**What to do**
Beneath this instruction is a block of data; output from it exactly the lines that run from the one containing "Small flying Dragon" through the one containing "Kitchen Lot With", inclusive.

**Exercise inputs**
»»

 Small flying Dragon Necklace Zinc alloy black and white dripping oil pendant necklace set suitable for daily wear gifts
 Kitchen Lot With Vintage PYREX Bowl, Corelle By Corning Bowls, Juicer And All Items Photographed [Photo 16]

««
»»

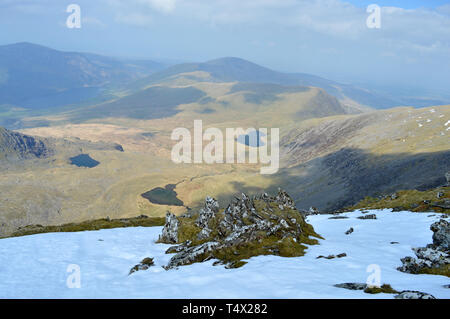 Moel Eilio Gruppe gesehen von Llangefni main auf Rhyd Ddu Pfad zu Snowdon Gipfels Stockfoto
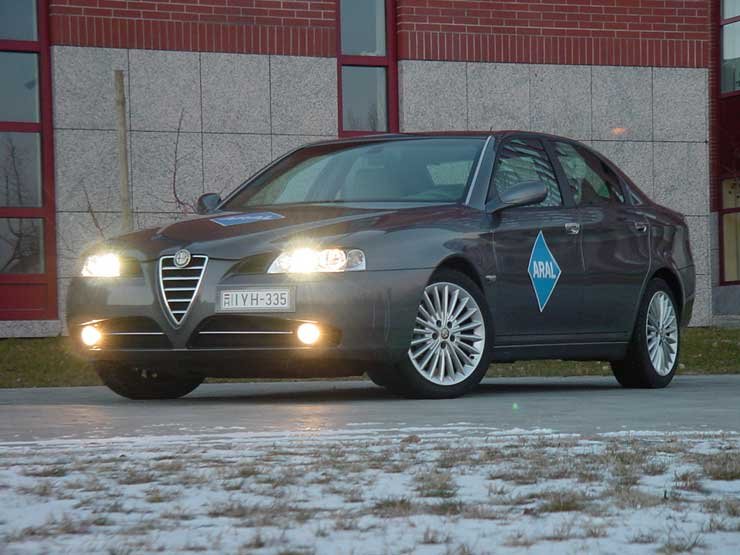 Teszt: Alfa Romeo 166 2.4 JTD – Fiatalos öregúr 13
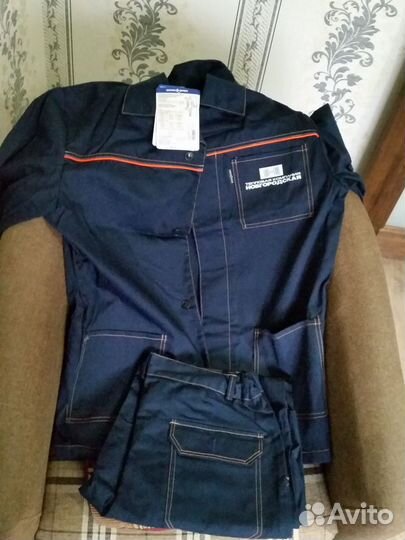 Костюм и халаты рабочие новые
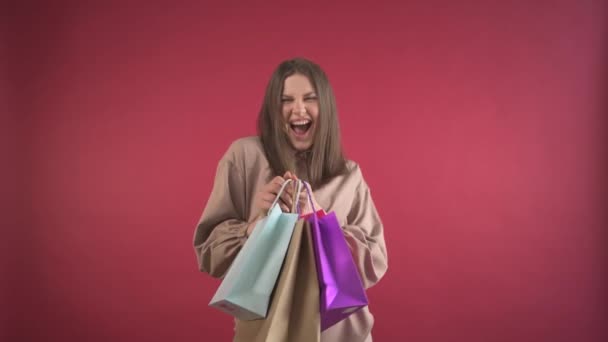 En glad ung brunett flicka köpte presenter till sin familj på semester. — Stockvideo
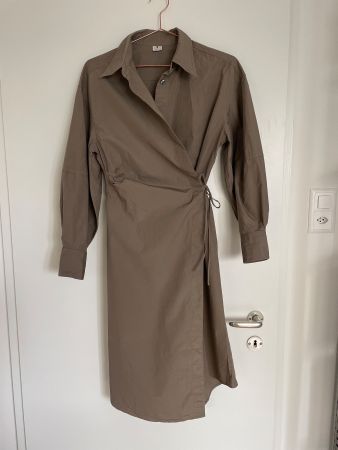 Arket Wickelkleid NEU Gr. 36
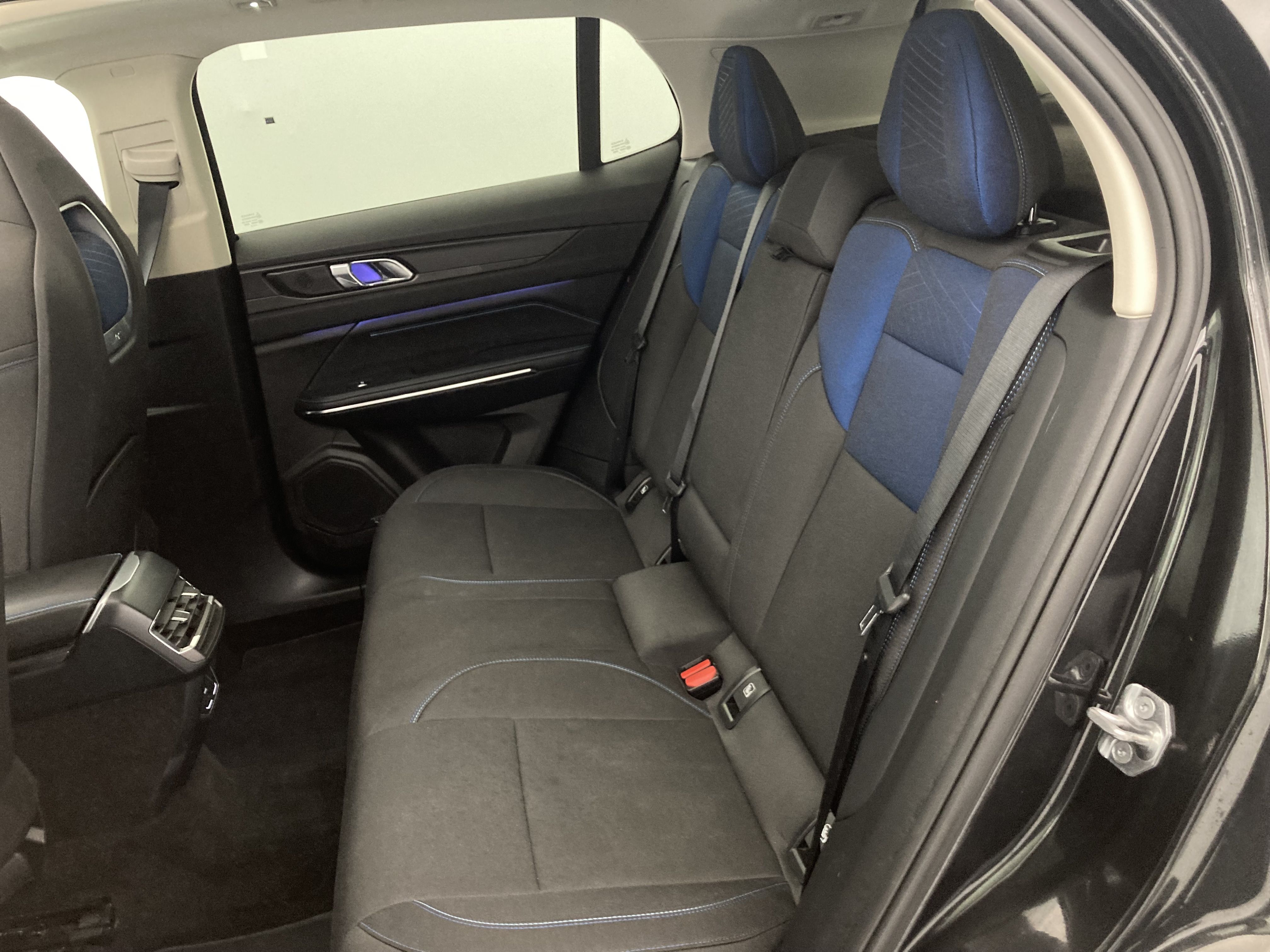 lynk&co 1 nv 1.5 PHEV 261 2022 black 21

««

**Exercise response**
 Small flying Dragon Necklace Zinc alloy black and white dripping oil pendant necklace set suitable for daily wear gifts
 Kitchen Lot With Vintage PYREX Bowl, Corelle By Corning Bowls, Juicer And All Items Photographed [Photo 16]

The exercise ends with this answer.